Chillingly, the flyer goes on to exhort readers to "do a public outreach" at Burkhart's home — listing her street address — and notes that, "Lastly, please remind her that, 'God hates the hands that shed innocent blood.'"

Pockets of progressive resistance remain in Kansas, in bigger cities like Wichita and college towns like Lawrence. But despite the inspiring bravery of women like Burkhart, opposing forces back in Topeka seem to have insurmountably marshalled against them. Brownback already signed a bill in 2011 that banned abortions after 21 weeks (claiming fetuses could feel pain at that point). New bills required abortion providers to show patients detailed images of fetal development and explain the supposed "link" (deemed bogus by the National Cancer Institute) between abortion and breast cancer; got rid of an exemption allowing late-term abortions if the woman's mental health was at risk; and even officially declared that life began at conception. The latter bill was supported by freshman Republican Shanti Gandhi, a retired Topeka physician — and yes, he's the great-grandson of that Gandhi — who called the point "indisputable."

The Brownback revolution has not proceeded without hitches. Maintaining control of an insurrectionary movement is notoriously tricky, as is separating out the true-believing foot soldiers from the cranks and nutjobs. The antics of improperly vetted Tea Party candidates have redounded negatively on the GOP on a national level — creating an awkward tension, since the establishment also very much needs, and fears, the useful idiots making the loudest noises from the most unsavory fringes — and the same dynamic is at play in Kansas, where the Brownbackers might be wishing they'd been more careful with their previous wishes.

In the current legislative session, the House and Senate voted to rescind a 25-year-old ban on quarantining people with AIDS, and Representative Steve Brunk of Wichita introduced a bill that would require cities that put fluoride in their water to inform customers that fluoridation lowers the I.Q. of children.
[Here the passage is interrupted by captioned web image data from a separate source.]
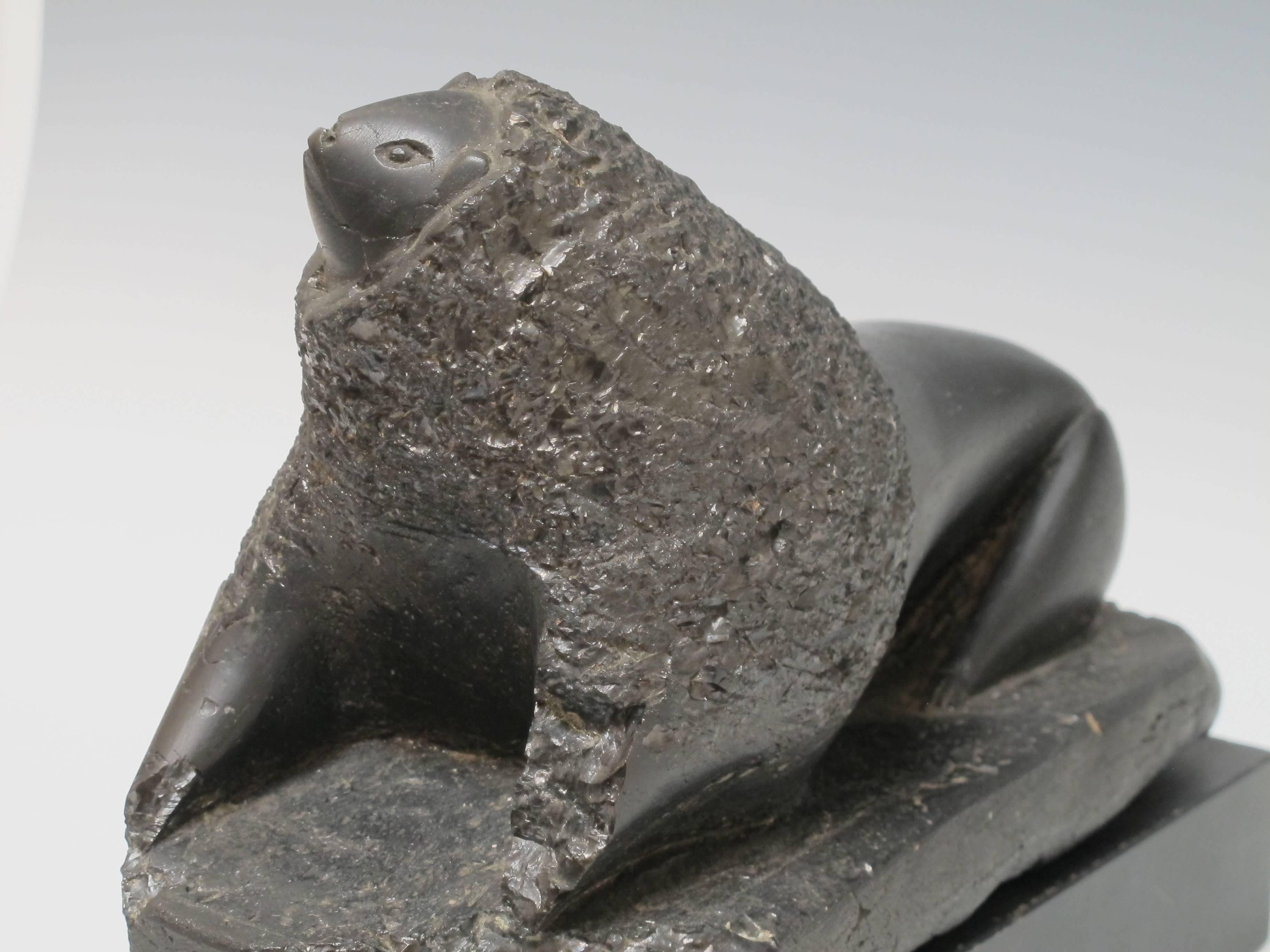 Folk Art Coal Lion Carved Anthracite For Sale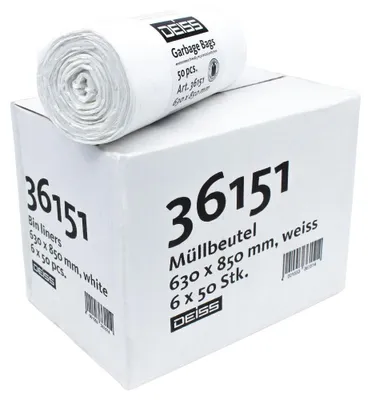 Produktbild von DEISS LDPE Müllsäcke 80 Liter, 36151 - Karton / 80 Liter | Rolle (50 Stück)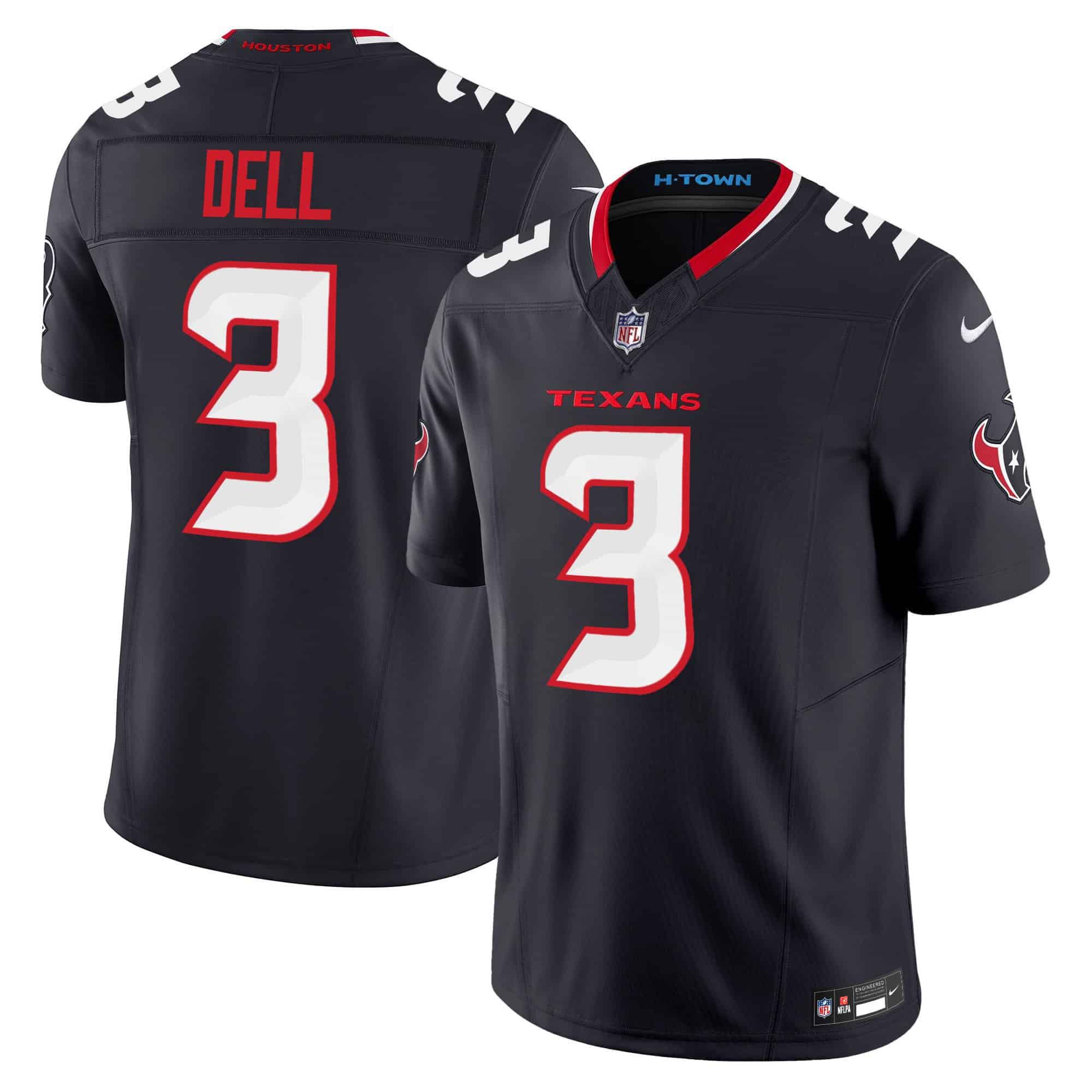 Men Houston Texans #3 Dell Black 2024 Nike Vapor Limited NFL Jersey style 1
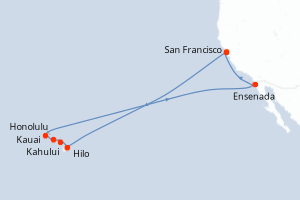 carte itinéraire croisière Riviera Mexicaine 16 jours au départ du port de San Francisco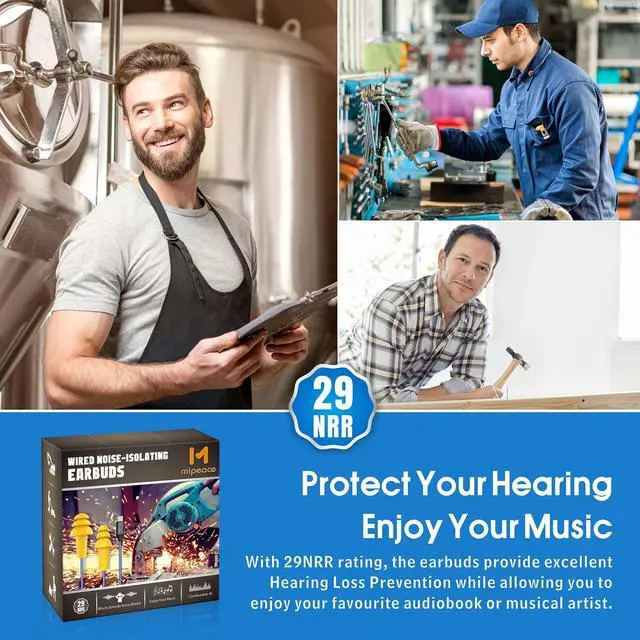 Alt view image 3 of 5 - MIPEACE Ear Plug Headphones for Work, Work Earbuds USB Type C Headphones Earphones for Industrial Safety Construction(Without Mic & Control)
The latter claim, of course, is patently false, but somehow fluoride has become a source of paranoia out in the chemtrail/Alex Jones corner of the wackosphere. A group with anti-abortion ties called Wichitans Opposed to Fluoridation actually managed to pass a ballot initiative last fall that would remove fluoride from Wichita's drinking water. ("I don't trust the water, period," one voter told the Wichita Eagle. Said another, "People should be more responsible and brush their teeth.") Last year, the state legislature passed a bill preventing United Nations' Agenda 21 from being implemented in the state. Agenda 21 is a benign, two-decades-old UN resolution that called for worldwide cooperation in fighting economic disparity and protecting the environment, but has since become a black helicopter/One World Government bugaboo for Republicans like Representative Bill Otto of LeRoy, who argued during the floor debate that since JFK's assassination had clearly been committed by more than one shooter, well then, why couldn't the Agenda 21 conspiracies also be true?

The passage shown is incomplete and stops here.